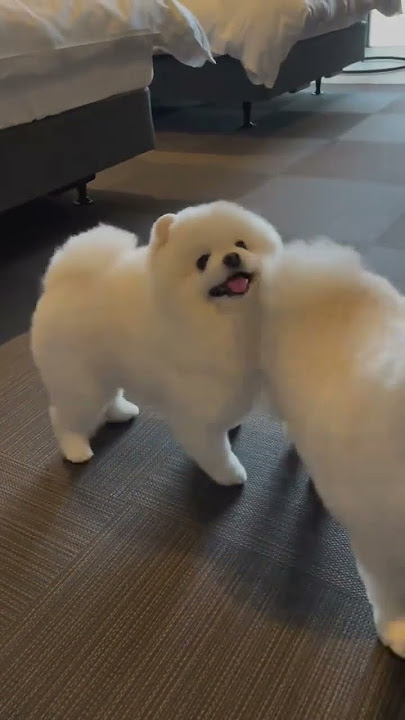 Do you like American or British style?Pomeranian, Pomeranian baby, silly puppy, cute dog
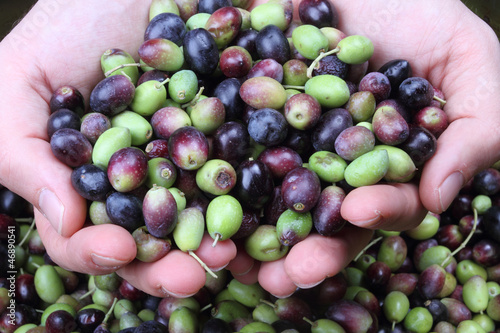 Photo: olive mani olive mani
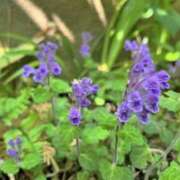 ヒメ日記 2025/07/03 07:15 投稿 三原 さゆり ベストマダム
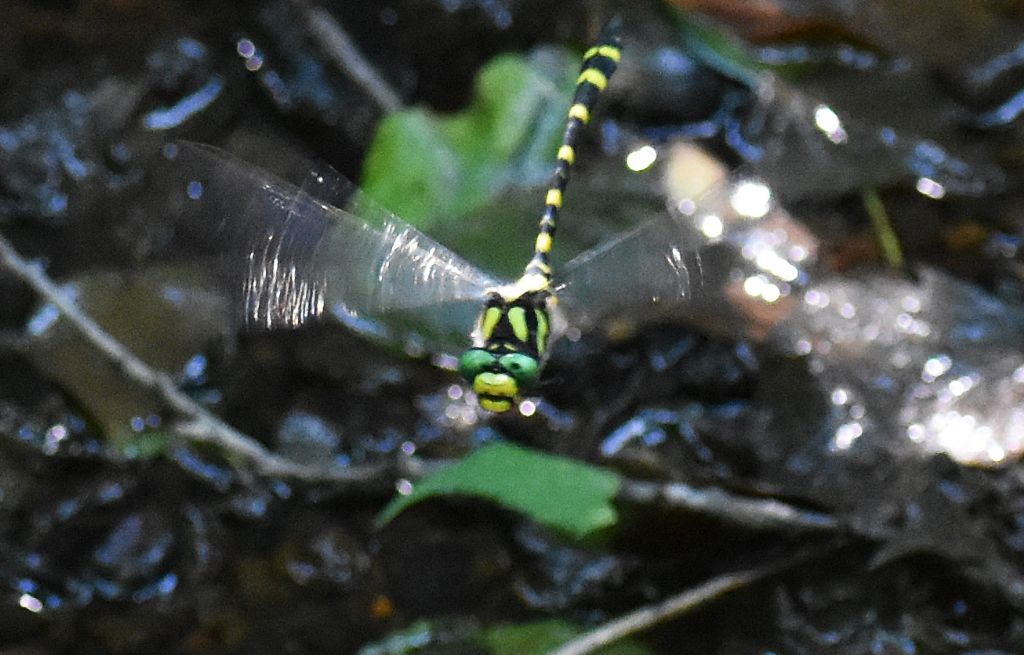 Quale Cordulegaster? Cordulegaster heros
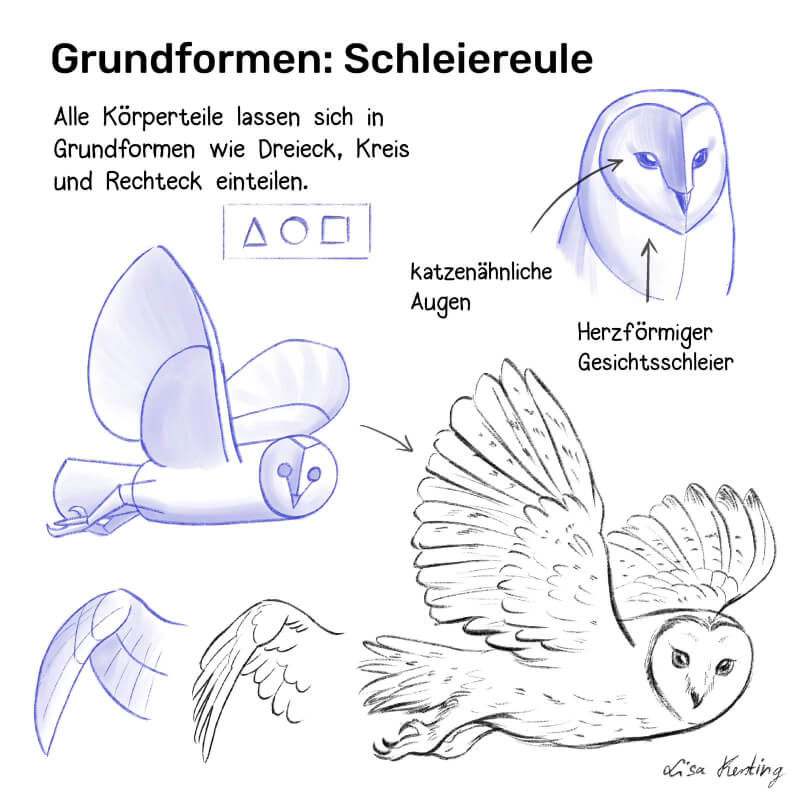 Tiere zeichnen lernen anhand eines Beispiels wie man eine Schleiereule einfach Schritt für Schritt aufbaut und zeichnet in wenigen Schritten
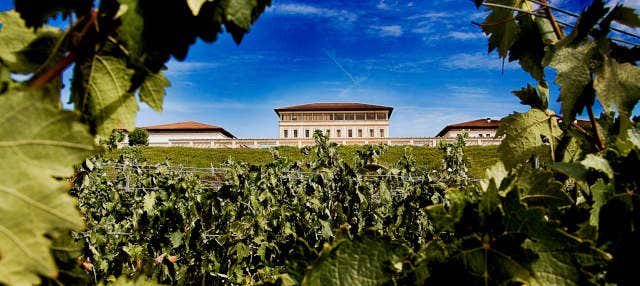 Bodega Rioja Vega Tour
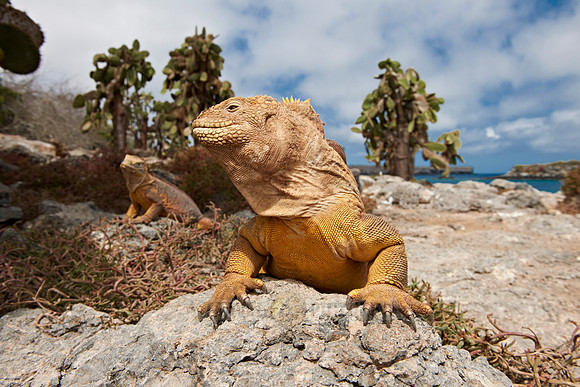 Galapagos Land Iguana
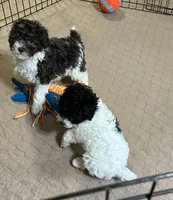 Macy, a female Poodle - Miniature  for sale in Gloucester, VA – Photo 5 of 10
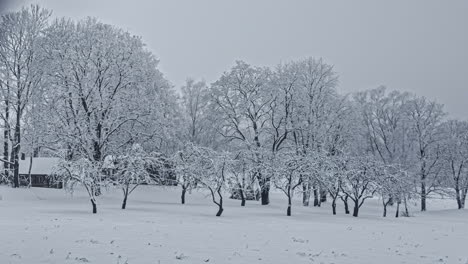 An-orchard-in-an-ice-cold-snow-covered-landscape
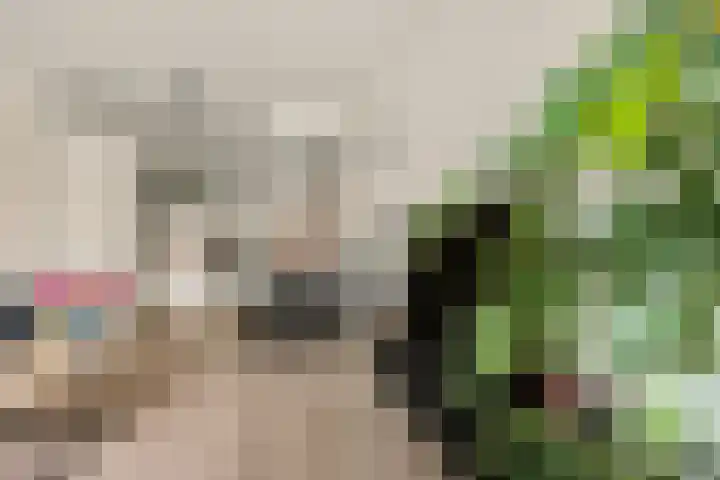 Meentwal 3 E Nieuwegein thumbnail 12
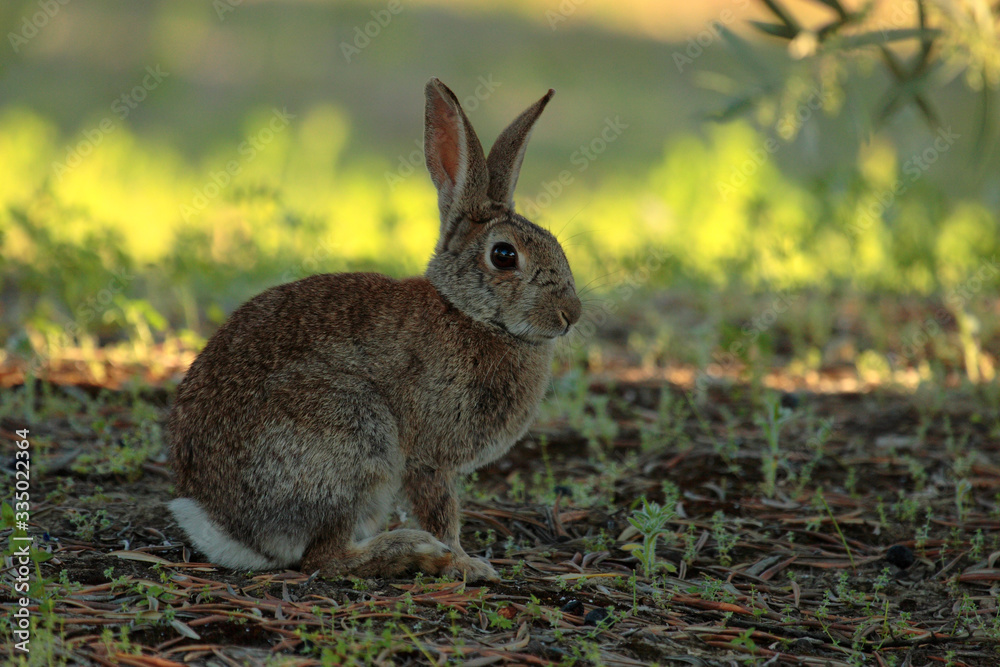 Fototapeta premium Selective focus rabbit sitting on the grass ground in the countryside in spring.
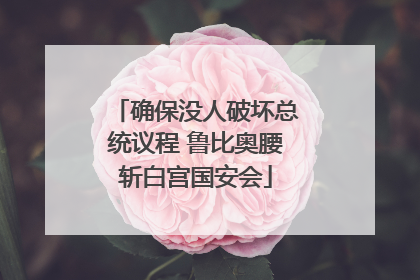 确保没人破坏总统议程 鲁比奥腰斩白宫国安会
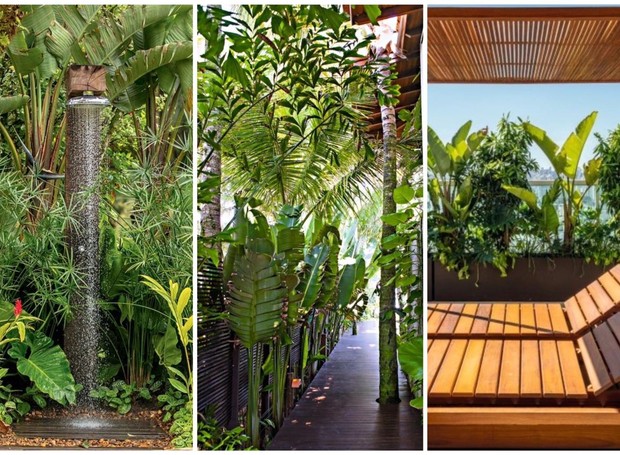 Composição com Diferentes Texturas e Alturas: Um Jardim Tropical - ideia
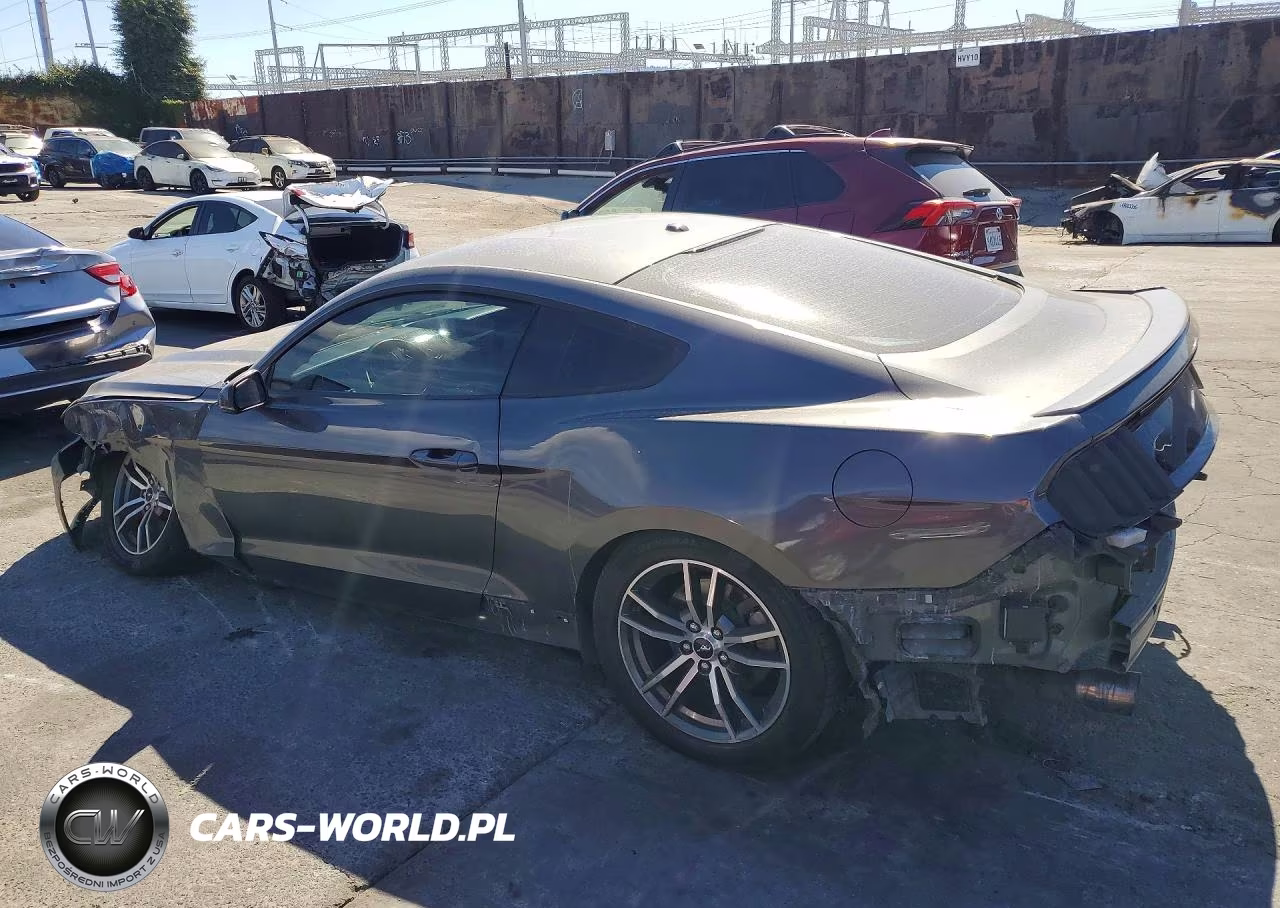 2017 Ford Mustang VIN:1FA6P8TH5H5239439 - 2
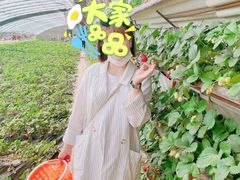 -大自然农场蔬菜草莓采摘园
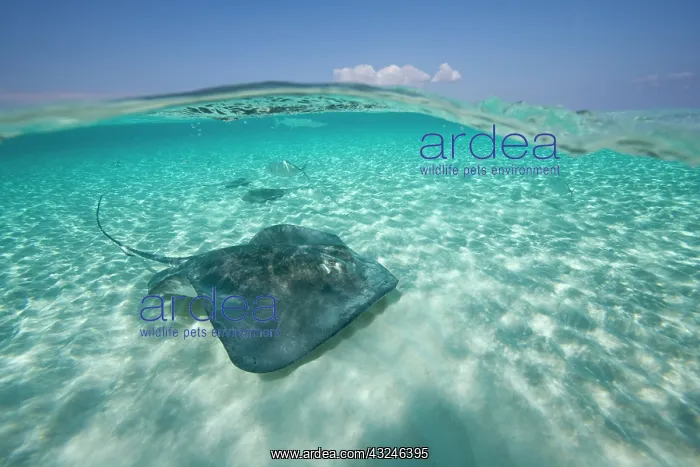  : Cayman Islands, Grand Cayman Island, Underwater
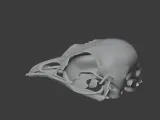 Bellbird Skull-4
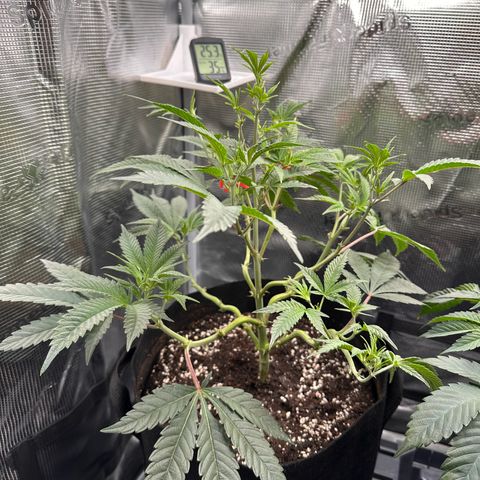 Blueberry Cupcake  growlog timeline photo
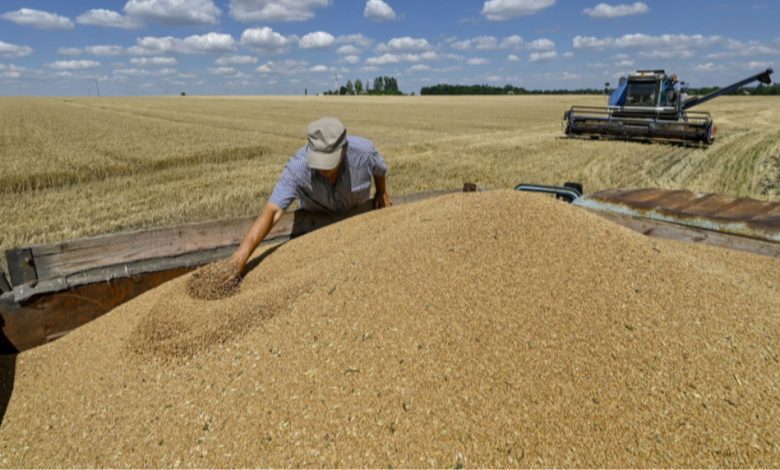 ЄС затвердить квоти на експорт української агропродукції у вересні 2025
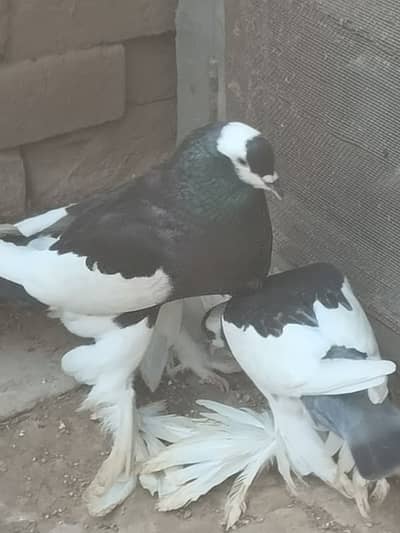 Black magapai  Pigeons |  kabotar | کبوتر | Pigeons for sale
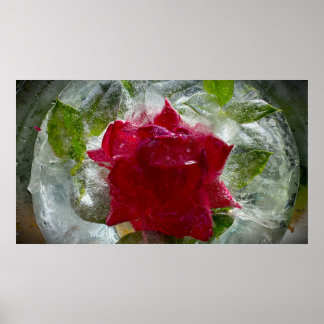 Affiche Fleurs Gelées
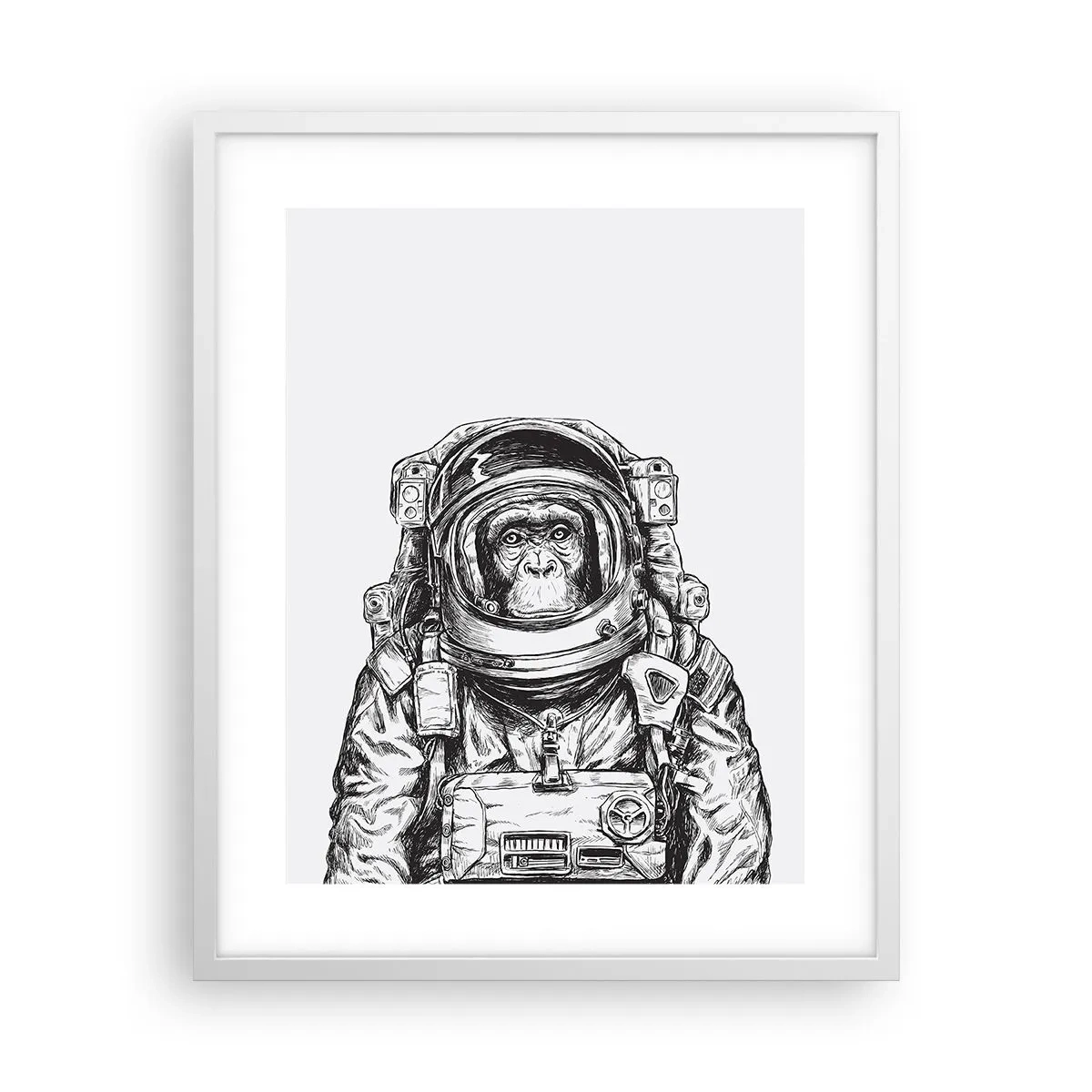 Poster in een witte lijst - Alternatieve evolutie - 40x50 cm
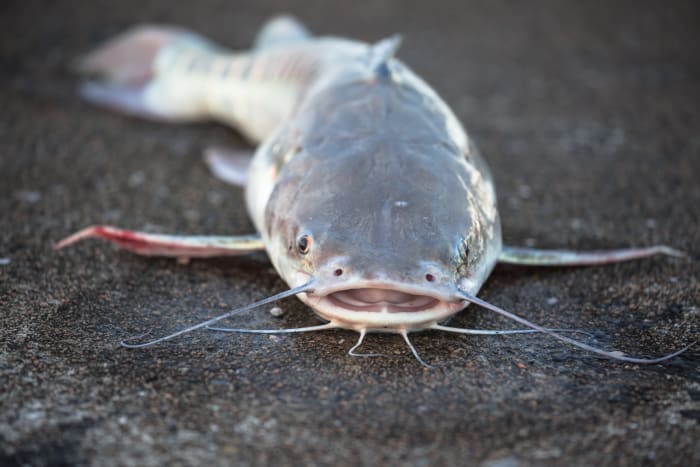 'Zombie Catfish' Are Being Found in U.S. Waterways, Pointing to a ...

+---+

EXERCISE DESCRIPTION
Each line from the start of the listing above through the line with "Meentwal 3 E Nieuwegein thumbnail 12" is what to output, exactly as written and without pictures.

RESULT
 Do you like American or British style?Pomeranian, Pomeranian baby, silly puppy, cute dog
 Photo: olive mani olive mani
 ヒメ日記 2025/07/03 07:15 投稿 三原 さゆり ベストマダム
 Quale Cordulegaster? Cordulegaster heros
 Tiere zeichnen lernen anhand eines Beispiels wie man eine Schleiereule einfach Schritt für Schritt aufbaut und zeichnet in wenigen Schritten
 Bodega Rioja Vega Tour
 Galapagos Land Iguana
 Macy, a female Poodle - Miniature  for sale in Gloucester, VA – Photo 5 of 10
 An-orchard-in-an-ice-cold-snow-covered-landscape
 Meentwal 3 E Nieuwegein thumbnail 12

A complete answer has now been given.